WWViews on Biodiversity is the result of a unique cooperation between CBD, the Danish Ministry of the Environment and the Danish Board of Technology. Participants in the 34 day-long meetings across the world, which were held on Sept. 15, were non-expert citizens selected to reflect the demographic diversity in the respective countries and regions. Using unbiased information about biodiversity and policy measures to stop its decline, participants deliberated with their fellow citizens and voted on alternative answers to 18 predefined questions.
“World Wide Views takes place in a polarized society where discussion, not debate is needed more than ever,” remarked Massachusetts State Representative Martha Walz.
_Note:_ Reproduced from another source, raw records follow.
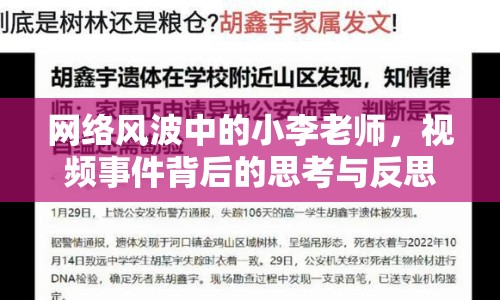 網(wǎng)絡(luò)風(fēng)波中的小李老師，視頻事件背后的思考與反思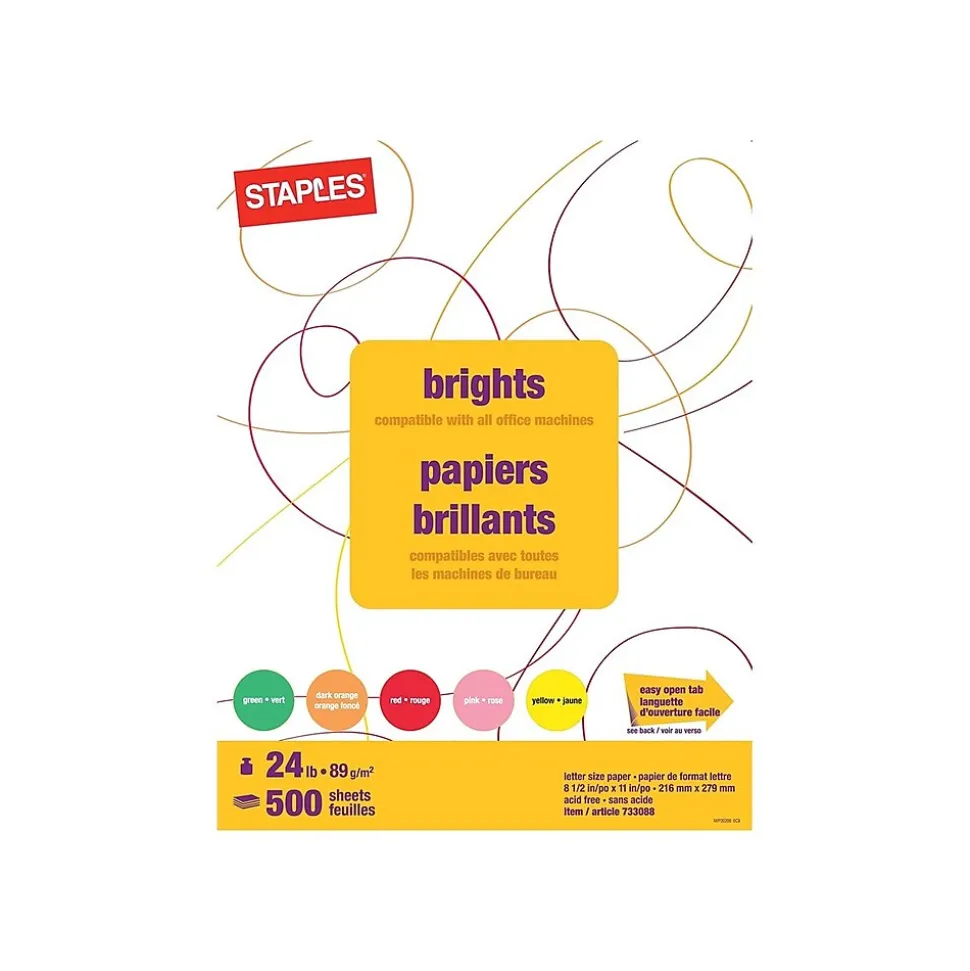 Staples Brights Multipurpose Paper, 24 lbs., 8.5" x 11", Assorted, 500/Ream (20200)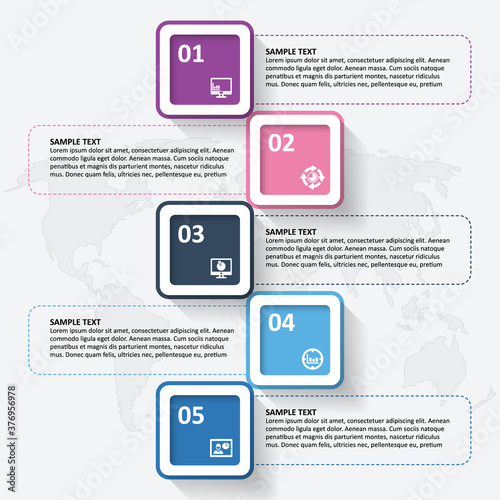 Abstract 3D Paper Infographics. Business template .Vector illustration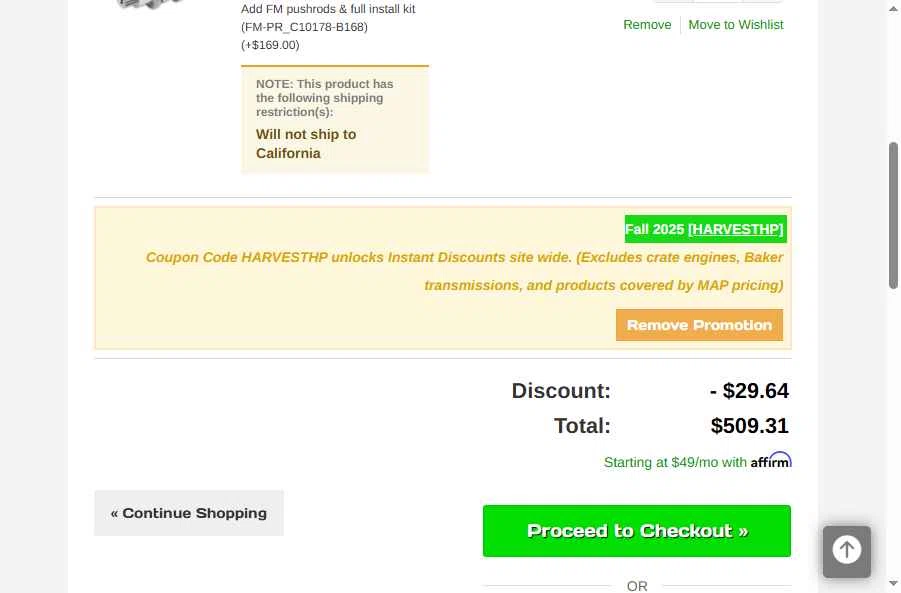 Fuel Moto checkout page showing Fuel Moto promo code box | Screenshot taken by SimplyCodes community member on Sep 19, 2025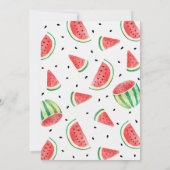 Eén in een Melon Watermelon 1e verjaardag Uitnodig Kaart (Achterkant)
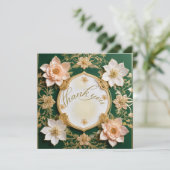 エメラルド エレガンス フラワール サンクス カード (スタンド正面)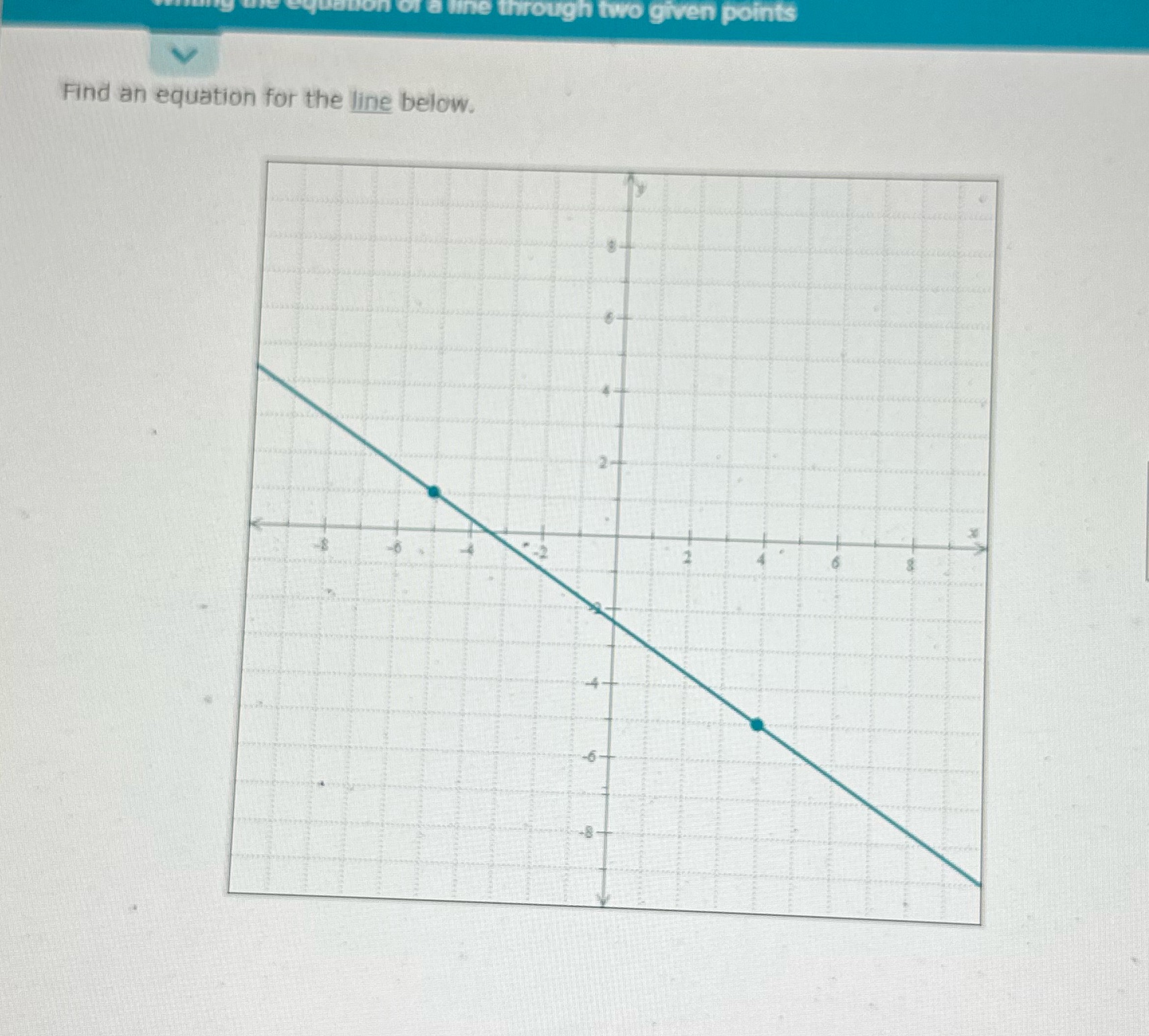ough two given points Find an equation for the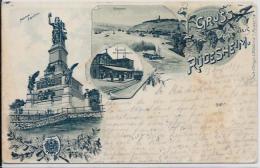 CPA LITHO Gruss Allemagne Germany Circulé Rüdesheim Circulé En 1899 - Sonstige & Ohne Zuordnung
Speaking at the WWViews forum at the Museum of Science, Boston, she added, “At a time when it is difficult to get people to sit down and talk respectfully about anything, the fact that thousands of people in over 30 sites around the world are having this important conversation is a welcome development.”
WWViews forums in the U.S. were coordinated by the Expert and Citizen Assessment of Science and Technology (ECAST) network. ECAST was officially launched at the Woodrow Wilson Center for International Scholars in April 2010 with the release of the report, "Reinventing Technology Assessment: A 21st Century Model."
In its first large-scale collaborative project, ECAST coordinated WWViews citizen forums in four U.S. cities: Boston (Museum of Science, Boston, and the University of Massachusetts Amherst); Denver (Colorado School of Mines, Denver Botanical Garden); Phoenix (Arizona State University, Consortium for Science, Policy and Outcomes at Arizona State University); and Washington (Consortium for Science Policy and Outcomes at Arizona State University, Virginia Tech, and the Koshland Science Museum). Thoughts and reflections from WWViews biodiversity project can be found at: http://ecastnetwork.wordpress.com/.
Results from the WWViews project in the U.S. and the lessons learned about further developing the capacity for conducting science and technology assessment through citizen participation will be presented in a comprehensive report at a special event of the Science and Technology Innovation Program at the Woodrow Wilson International Center for Scholars on Dec. 6.
Founded in 2010 as a response to a call to use “citizen participation, collaboration and expert analysis to inform and improve decision-making on issues involving science and technology,” ECAST is a collaboration among university, informal science education, and policy research partners to establish a non-partisan, independent, flexible, and proactive technology assessment capability in the United States. The Consortium for Science, Policy and Outcomes at Arizona State University, Loka Institute, Science Cheerleader, Museum of Science Boston, and the Science and Technology Innovation Program at the Woodrow Wilson International Center for Scholars are its founding members.